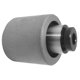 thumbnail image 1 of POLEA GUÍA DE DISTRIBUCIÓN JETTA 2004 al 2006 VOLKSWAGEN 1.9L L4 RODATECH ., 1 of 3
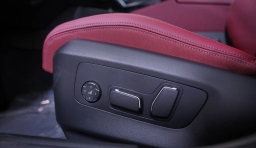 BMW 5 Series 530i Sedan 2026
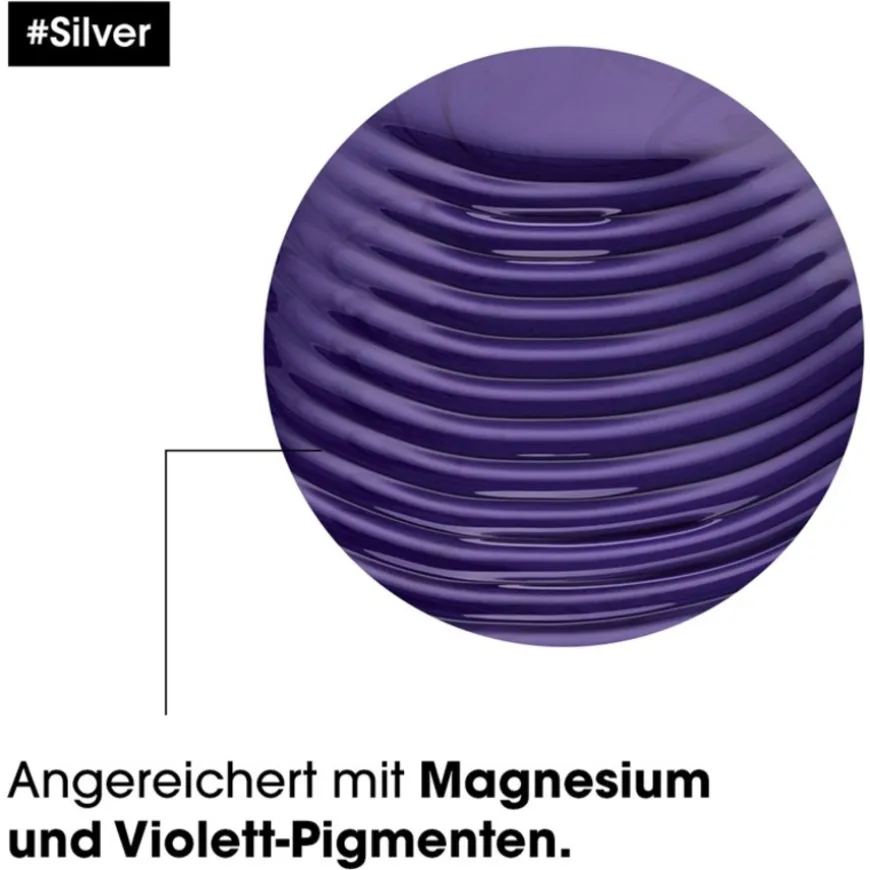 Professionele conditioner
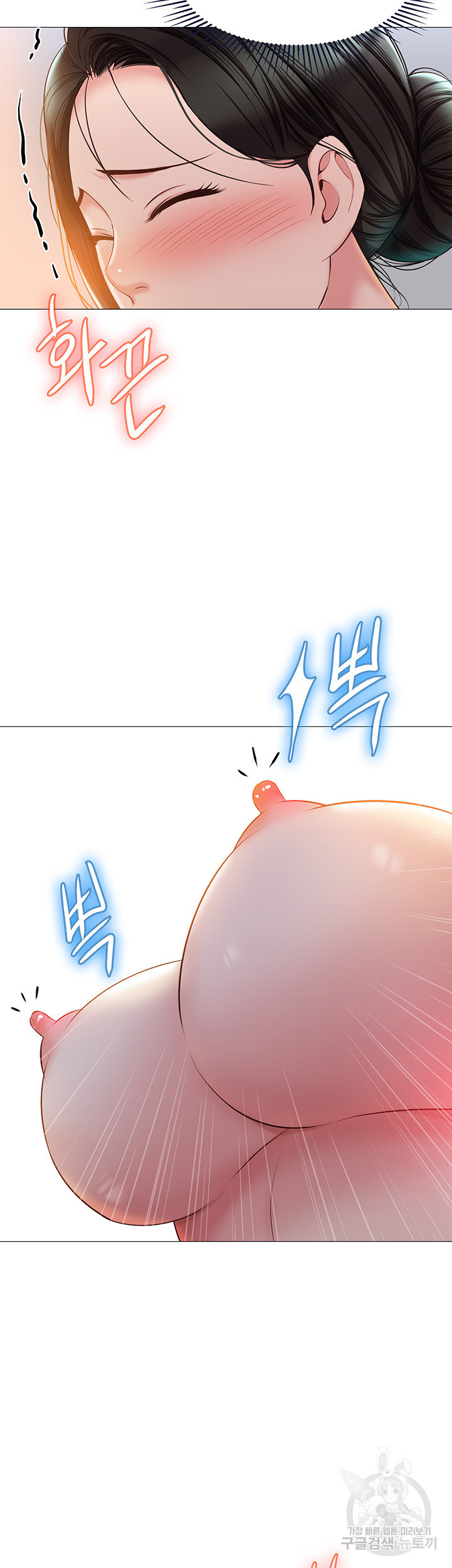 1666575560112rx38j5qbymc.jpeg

----------

▶ **REQUIRED ACTION**
Please repeat all of the data exactly, excluding images.

▶ **RESPONSE BELOW**
 thumbnail image 1 of POLEA GUÍA DE DISTRIBUCIÓN JETTA 2004 al 2006 VOLKSWAGEN 1.9L L4 RODATECH ., 1 of 3
 BMW 5 Series 530i Sedan 2026
 Professionele conditioner
 1666575560112rx38j5qbymc.jpeg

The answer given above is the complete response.